I'm in for a tshirt and a hoodie


----------



## ken Sass (Jul 28, 2012)

any update?


----------



## HH (Jul 28, 2012)

SI mankini ftw


----------



## coltmc4545 (Jul 29, 2012)

HH said:


> SI mankini ftw



This ^ I need an extra small in this please


----------



## Spongy (Jul 29, 2012)

I'm definitely in for multiples!


----------



## Pikiki (Jul 29, 2012)

Well are getting this done or WHAT????? I want a few and a hoodie for sure...


----------



## Bevo (Jul 29, 2012)

im down!


----------



## Bullseye Forever (Jul 29, 2012)

Spongy said:


> I'm definitely in for multiples!


Yup me too, a few t-shirts and a couple of hoodies!!


Pikiki said:


> Well are getting this done or WHAT????? I want a few and a hoodie for sure...


indeed....be a good birthday gift for me


----------



## Illtemper (Jul 30, 2012)

I would be down for a couple also, 2xl for me...

maybe for the back if you didnt deside on a design yet,  maybe you can put 

POWER THROUGH KNOWLEDGE,
TRUST THROUGH BROTHERHOOD,
INSIGHT FOR ALL!

or

STRENGTH THROUGH KNOWLEDGE
BROTHERHOOD THROUGH INSIGHT

something like this might be cool for a pic,
	

		
			
		

		
	




if you dont know gargoyles, myths are they were and are used to protect against evil.. 

It was just a thought. I like the t-shirt idea!!


----------



## Juggernaut (Jul 30, 2012)

I want one tht says Im not concieted I just know Im stronger than you LOL


----------



## RowdyBrad (Jul 30, 2012)

gonna create a poll to see what design we want, so have your idea ready and we will decide on it once and for all.


----------



## JOMO (Jul 30, 2012)

Sweet! I do like what Ill proposed.


----------



## RowdyBrad (Jul 30, 2012)

Sometimes I am an oblivious Moron. Sorry to Jada for stepping all over his shit here, I came in like I ran the thing lol. I wrote him a pm to see if w can get this going.
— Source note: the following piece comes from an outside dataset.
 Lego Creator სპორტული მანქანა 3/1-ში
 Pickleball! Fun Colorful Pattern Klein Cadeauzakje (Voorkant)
It was his idea and I think he would be great to get this done. We'll see what he says when he comes on.

I like all the ideas though, I would buy any of them. What I found was that each color you use, it adds a couple bucks to the cost. So if there is 5 colors it is 10 bucks more or whatever. That's why I stayed with the 1 color.

I guarantee I will buy 2 2xl Tee shirts and a 2xl hoody minimum. Jada you got my support in anything I can do to help bro!


----------



## 0tj0 (Jul 30, 2012)

Juggernaut said:


> I want one tht says Im not concieted I just know Im stronger than you LOL



I kinda like this but maybe a simpler version... just the word "better" on the back. nothing else.


----------



## RowdyBrad (Jul 30, 2012)

On the back it could ay simply

"And I have a big cock...."


----------



## jennerrator (Jul 30, 2012)

I don't think I want mine saying that on the back...LOL


----------



## DF (Jul 30, 2012)

Jenner said:


> I don't think I want mine saying that on the back...LOL



Lol, yea that wouldn't work well for you.


----------



## jennerrator (Jul 30, 2012)

Dfeaton said:


> Lol, yea that wouldn't work well for you.



I already have a hard enough time trying to convince some that I don't have one.....


----------



## Juggernaut (Jul 31, 2012)

why do I get the thought that this was only intended for me LOL ???


----------



## creekrat (Aug 2, 2012)

Not trying to be a killjoy but has anyone looked into the possible legal repercussions of using Si?  Didn't know if sports illustrated may hold a copyright or trademark on it.  I like the idea and would purchase some but would hate to see legal ramifications for a fundraiser.


----------



## Jada (Aug 2, 2012)

Hey brad like I said in the pm stop ur shit man! Lol, we are a brothers in a team! So brad pls don't feel like Ur stepping on my toes, we are working together. The reason I've taken some time is my boy hasn't arrived yet from vacation so he can tell me where to get the shirts whole sale. He always buys t and he has a spot.  I'll keep everyone updated


----------



## coltmc4545 (Aug 2, 2012)

Jenner said:


> I don't think I want mine saying that on the back...LOL



Run that tren you're thinking of running and the shirt would fit you just fine Jen


----------



## Hockeyplaya18 (Aug 2, 2012)

Im thinking on the back it should look a little something like this

*WE AIN'T*
*EVEN MAD*
*BRO*


----------



## Hockeyplaya18 (Aug 2, 2012)

Whatever we end up putting on them, I am for sure down to order a tank top, T-shirt, and a hoodie.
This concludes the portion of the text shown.